- Exercise -
From the material below, copy exactly the lines beginning with the one that contains "Used 2026 Toyota" and ending with the one that contains "Un yaguarete o jaguar"; the pictures stay out.

- Extracted entries -
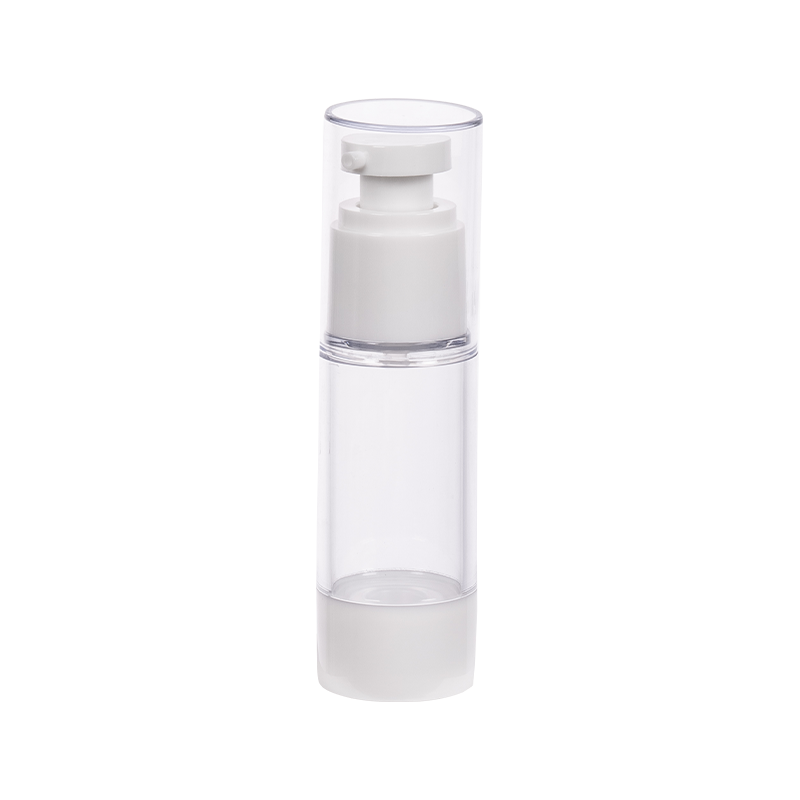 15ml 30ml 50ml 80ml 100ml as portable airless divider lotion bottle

--

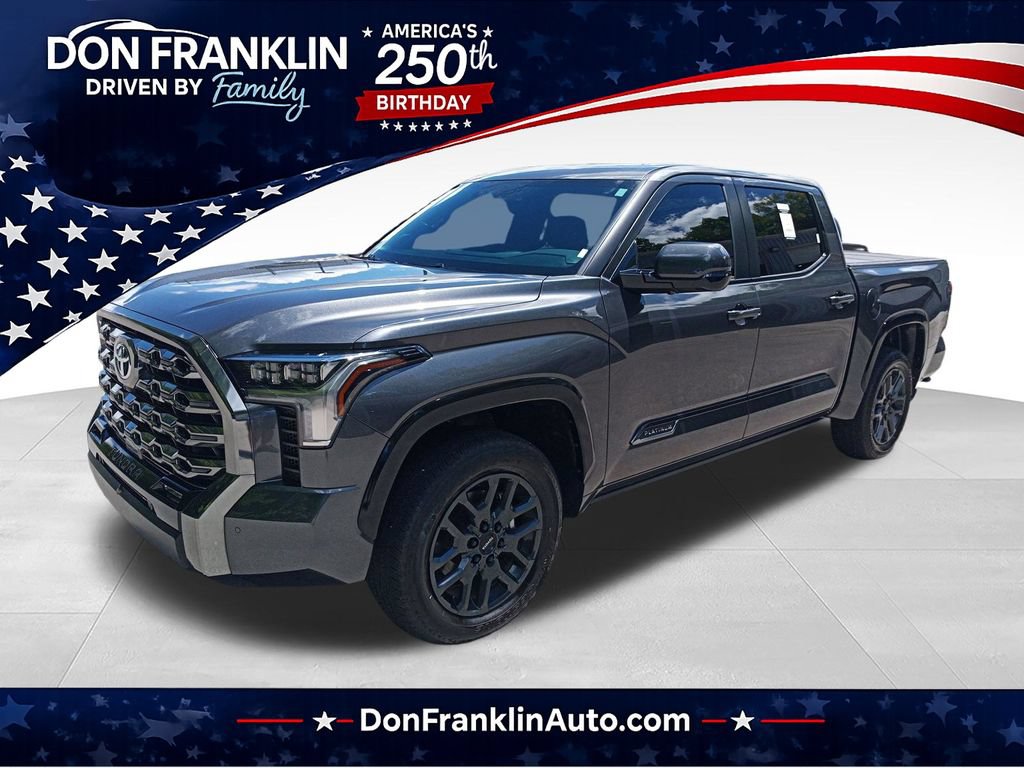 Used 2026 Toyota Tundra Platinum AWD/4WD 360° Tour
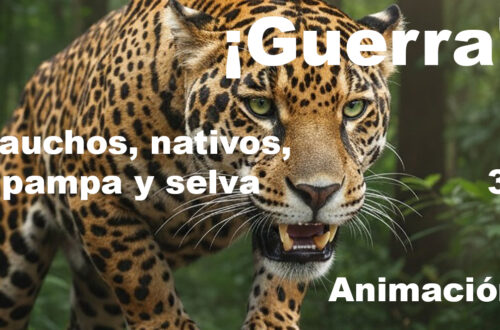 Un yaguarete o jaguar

- Task answer -
 Used 2026 Toyota Tundra Platinum AWD/4WD 360° Tour
 Un yaguarete o jaguar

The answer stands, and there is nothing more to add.